EPP concluding remaining tenant agreements
Dual-listed property firm EPP says it is successfully concluding remaining tenant agreements.
The company, which is the largest owner of retail real estate in Poland, further notes in a pre-close statement that it is laying the foundations to better position the company in a post Covid-19 environment.
It is also conducting analysis and recommendations on asset purchases and sales.
EPP is also pursuing further cost optimisation.
The company’s longer-term strategy is under preparation, that of a three- to five-year plan, with a focus on capital structure, existing asset base and growth of the company in post-Covid-19 times.
In terms of the company’s retail portfolio, operations are nearing normality, it notes.
In June, the company had 96% occupancy and 70% of pre-pandemic footfall levels.
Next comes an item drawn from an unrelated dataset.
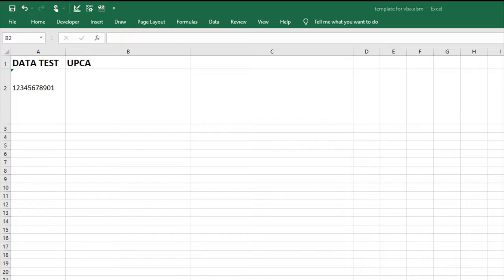I've already installed the UPC-EAN font package and imported the VBA font encoder.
The company noted that in terms of its liquidity position, it is well capitalised, with cash on hand of €170-million. Liquidity is secured with the retention of a €53-million dividend and €95-million in corporate facilities.
The company’s 2020 full-year earnings per share guidance is expected to be between €0.04 and €0.05 apiece.
This is based on assumptions that the Polish economy continues its recovery in the second half of the year; that there are no significant tenant failures; the successful conclusion of remaining tenant discussions; and no second wave of Covid-19 in the second half of the year, which would have a detrimental impact on shopping centres.